Как мы увидим далее, усталость занимает в творчестве Платонова важное место и является не просто физиологическим состоянием, но знаком негативной деятельности, опустошающего ощущения конца и активной реализации завершения события.
ЧТО ИЩЕТ ТОСКА?
В творчестве Платонова есть нечто парадоксальное. Автор, происходящий из семьи мелкого железнодорожного служащего, с самого начала принявший и поддержавший революцию, связанный с движением Пролеткульта, он с самого начала и до конца своего творчества писал политическую прозу — иногда утопии, иногда эпические аллегории современных политических процессов. В 1920-е годы он пишет о революции, в начале 1930-х — о коллективизации и освоении национальных окраин, в конце 1930-х — о фашизме. В ранних статьях, исполненных типичного для того времени энтузиазма и утопизма, тем не менее ярко проводятся темы, разрабатываемые зрелым Платоновым, — страдание несчастного, неприкаянного одиночки-пролетария. Подобное страдание является настоящим источником утопической деятельности человечества, условием возможности утопии. “Отчаяние, мука и смерть — вот истинные причины героической деятельности и мощные моторы истории”, — пишет Платонов в “Воронежской коммуне” в 1921 г. [39]Жажда пролетариата, казалось бы, должна быть утолена новым коммунистическим обществом — но в утопической фантазии “Жажда нищего. Видения истории” [40]жажда переживает “большого Одного” технического человечества — “…я настолько ничтожен и пуст, что мне мало вселенной и даже полного сознания всей истины, чтобы наполниться до краев и окончиться” [41]. Впрочем, приоритет пролетарского кеносиса над утопией ни в коей мере не отрицает, с точки зрения Платонова, саму эту утопию. Просто, по законам технического механизма, которые он считал универсальными, жажда-пустота является пружиной утопии, пружиной, которая противоположна действию и которую действие рискует ненароком разрушить. От этой интуиции Платонов никогда не уйдет.

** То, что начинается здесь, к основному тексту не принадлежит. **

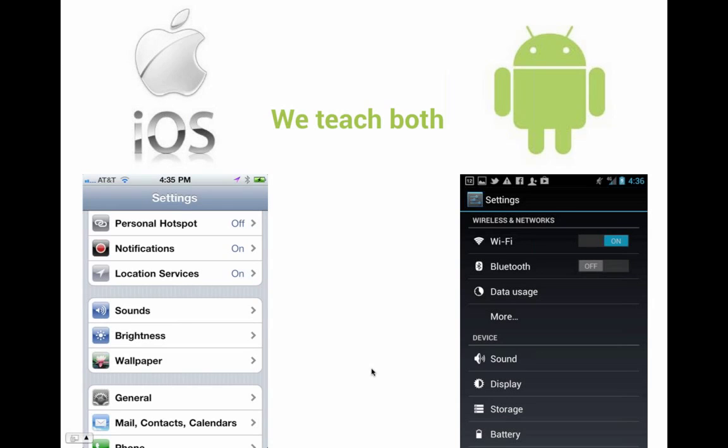I only have time to show you the Android version, but in the workshop we teach both iOS and Android. And most importantly, we teach you the differences, because there are actually fairly significant differences in the approaches to both designs.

В ответ на политическую цензуру его произведений писатель не озлобляется, а старается (не очень успешно) адаптироваться к нормативному идеологическому (но не языковому) канону. Платонов не занимает отстраненно-иронических позиций по отношению к революции и не уходит (как многие в его положении) в циничное подхалимство. Все указывает на то, что он с начала до конца идентифицируется с революцией. При этом по многим признакам можно предположить, что он критически относится к Сталину лично и к бюрократизации советского общества в 1930-х годах; его инвективы против фашистов, действительно, могут прочитываться и в адрес внутреннего, советского “фашизма”. Но отсюда никак невозможно вывести разочарования в революции и в советском проекте.

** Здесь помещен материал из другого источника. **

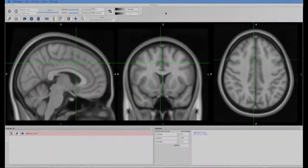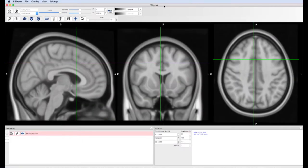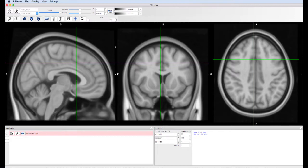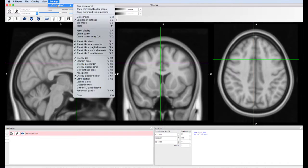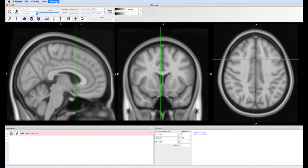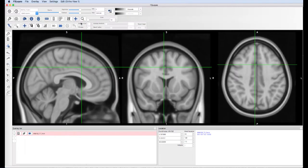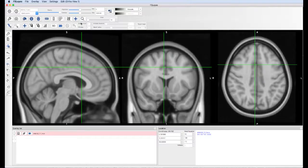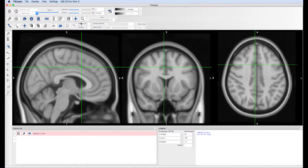Another way you can create ROIs in standardized space is to draw them yourself. Click on Settings, Ortho View, and then Edit Mode. This will display additional toolbars for selecting and drawing voxels. Here we'll cover the basics.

Поэтому в интерпретации творчества Платонова нужно, во-первых, следовать его собственным многочисленным металитературным замечаниям, а во-вторых, изучать его в контексте не только его собственного революционного времени, не только эпохи, но и вообще мировой истории, какой она предстает нам в настоящий момент .
Парадоксальная “негативность” трудов Платонова — “тоска” его героев, пессимистические финалы, мрачный гротеск образов — что же это, если не фронда тайного диссидента?
Мы уже сказали немного об интерпретации самим Платоновым негативности как тревоги (эпилог к “Котловану”) и желания (ранние статьи) — но эта интерпретация двусмысленна и немногословна; неясно, почему тревога не может уравновешиваться, скажем, деятельностью (партии, например) по защите и спасению слабого пролетария; а желание — иногда удовлетворяться; почему эти негативные аффекты перевешивают позитивные [42].
Рассмотрим две возможные интерпретации данного феномена.
1. Первая и очевидная гипотеза носит объективный характер. Согласно ей, Платонов, веря в революцию, тем не менее в своих произведениях воплощал реальность события во всей его разрушительной несправедливости. Любое событие, а тем более революционное, несет в себе негативность, потому что разрывает ход истории и разрушает социальные связи, люди во время революционного события в больших количествах попросту умирают, в цвете лет, на глазах у живущих, что не может не наложить отпечаток на самый большой их (живущих) исторический энтузиазм.
У Платонова, однако, изображение бедствий всегда сверхдетерминировано структурой темпоральности , как истории, так и самого нарратива. Негативность есть время: “время — это движение горя”, говорит Захар Павлович в “Чевенгуре” [43]. Как представляется, в текстах Платонова одновременно производят свою разрушительную работу три модели темпоральности, устремленные соответственно в прошлое, в будущее и в настоящее как “последнее” время.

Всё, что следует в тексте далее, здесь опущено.